Task requirements
Text only, exactly as given: reproduce the entries below without their pictures.

Provided information
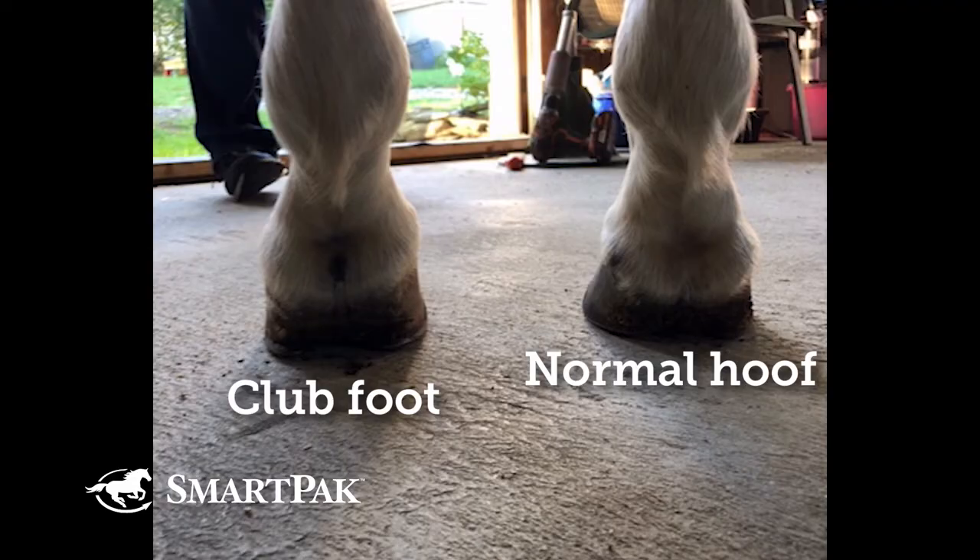Club foot came up in the research paper. As long as it's not a severe club foot, it wasn't that bad of a problem. I had always stayed away from a club foot — in fact, I'm horse shopping now and I saw a club foot and walked away. I also saw a long toe, low heel and walked away.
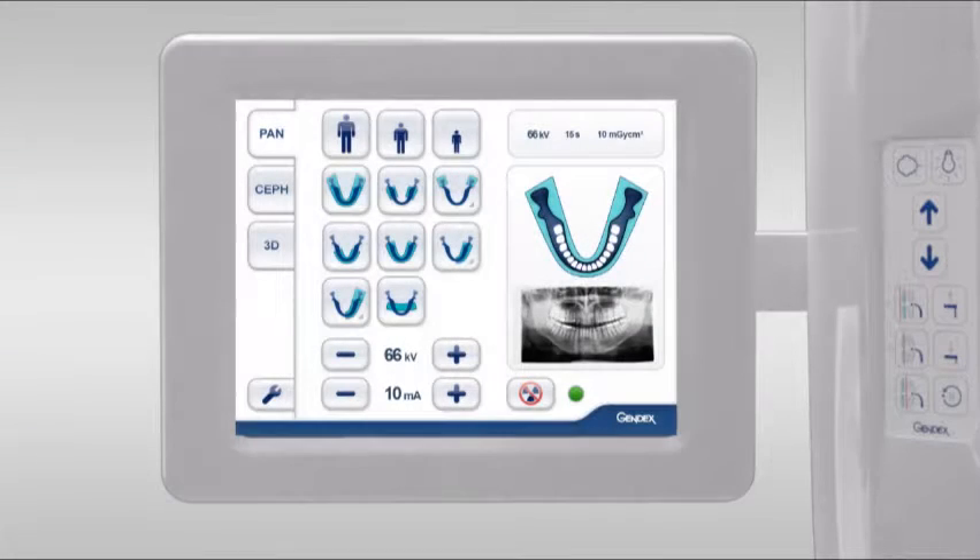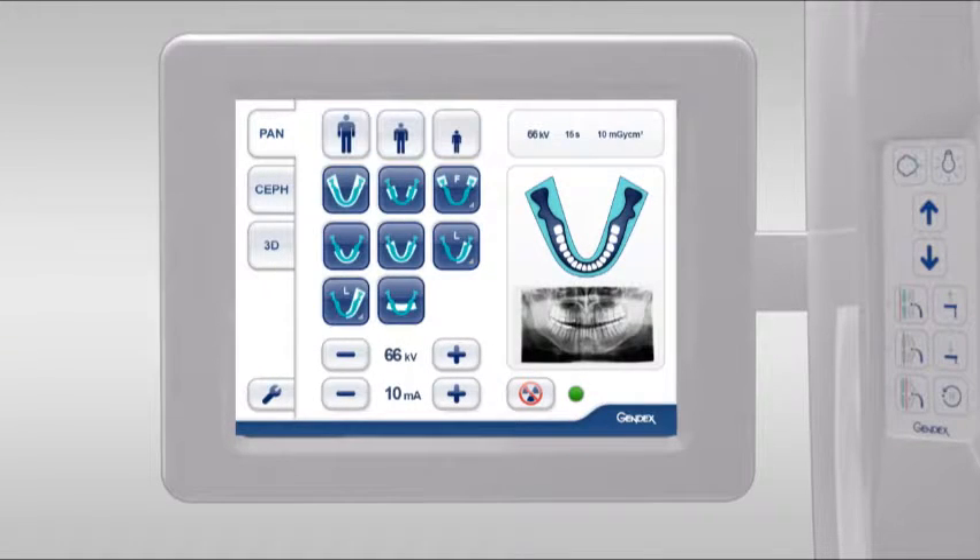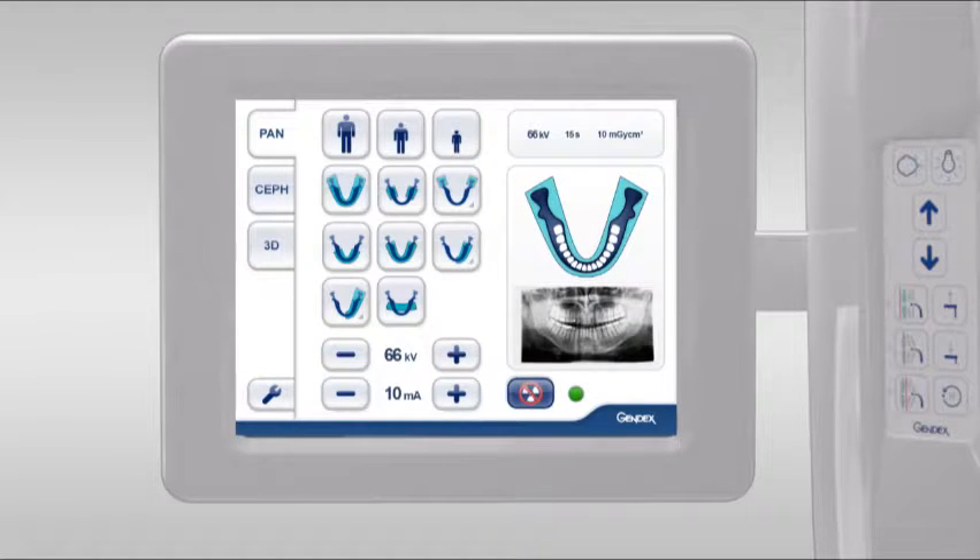The touch screen selections include body size, projection types, kilovolt and milliamp control, and a no-dose simulation. Displayed are system status, patient and dose information, as well as graphic and clinical examples of the selected projection.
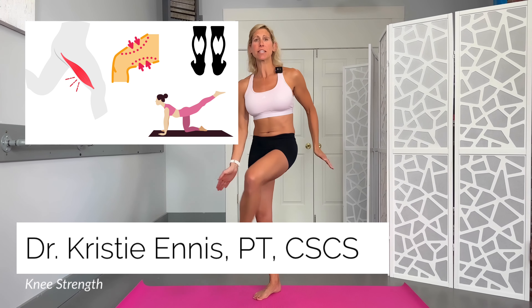If you want stronger, healthier knees, then you need these five exercises in your life to keep you pain-free for years to come. Hey guys, Dr. Christy Ennis. We are targeting the quads, hamstrings, glutes, and calf muscles to support our knees today.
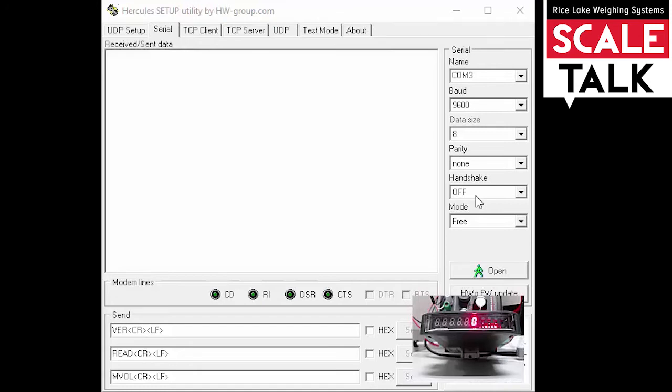On the SCT2200, you'll also want to make sure that you've properly configured the unit for RS232 communications and that it's set for on-demand. For additional information on how to set those two parameters, we do have an interactive module that will walk you through the steps to change those parameters on the unit.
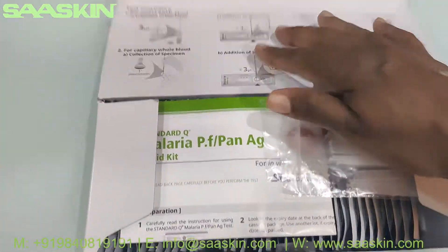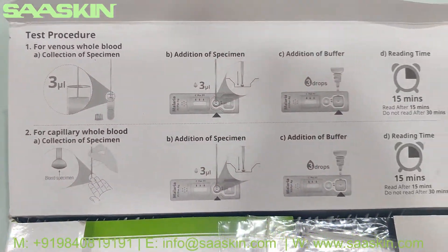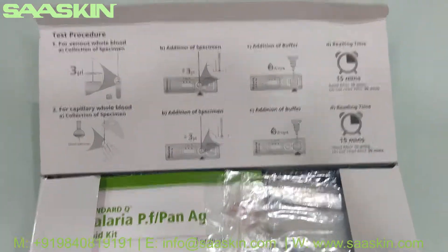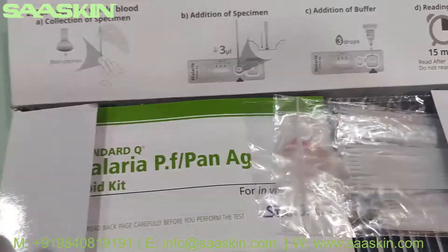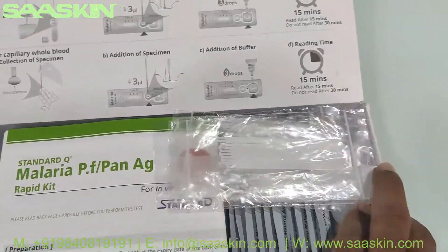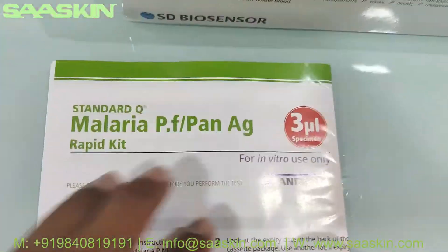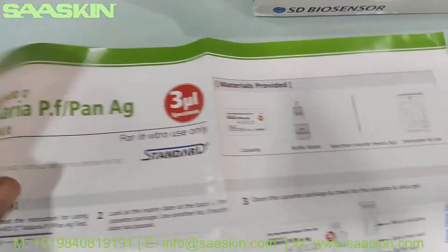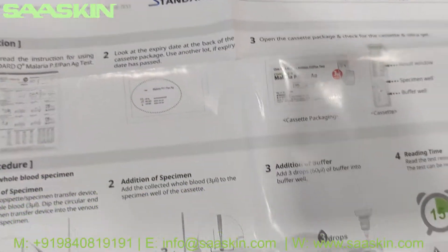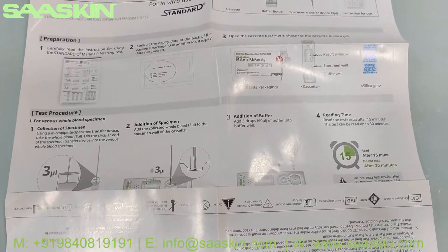This is how the box inside looks like. You can see the test procedure is also given in the box. Inside you get an instruction manual — this is like an IFU brochure which has the complete product details and also the instructions on how to use it, how to prepare your samples, and the complete test procedure.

Exercise answer
Club foot came up in the research paper. As long as it's not a severe club foot, it wasn't that bad of a problem. I had always stayed away from a club foot — in fact, I'm horse shopping now and I saw a club foot and walked away. I also saw a long toe, low heel and walked away.
The touch screen selections include body size, projection types, kilovolt and milliamp control, and a no-dose simulation. Displayed are system status, patient and dose information, as well as graphic and clinical examples of the selected projection.
If you want stronger, healthier knees, then you need these five exercises in your life to keep you pain-free for years to come. Hey guys, Dr. Christy Ennis. We are targeting the quads, hamstrings, glutes, and calf muscles to support our knees today.
On the SCT2200, you'll also want to make sure that you've properly configured the unit for RS232 communications and that it's set for on-demand. For additional information on how to set those two parameters, we do have an interactive module that will walk you through the steps to change those parameters on the unit.
This is how the box inside looks like. You can see the test procedure is also given in the box. Inside you get an instruction manual — this is like an IFU brochure which has the complete product details and also the instructions on how to use it, how to prepare your samples, and the complete test procedure.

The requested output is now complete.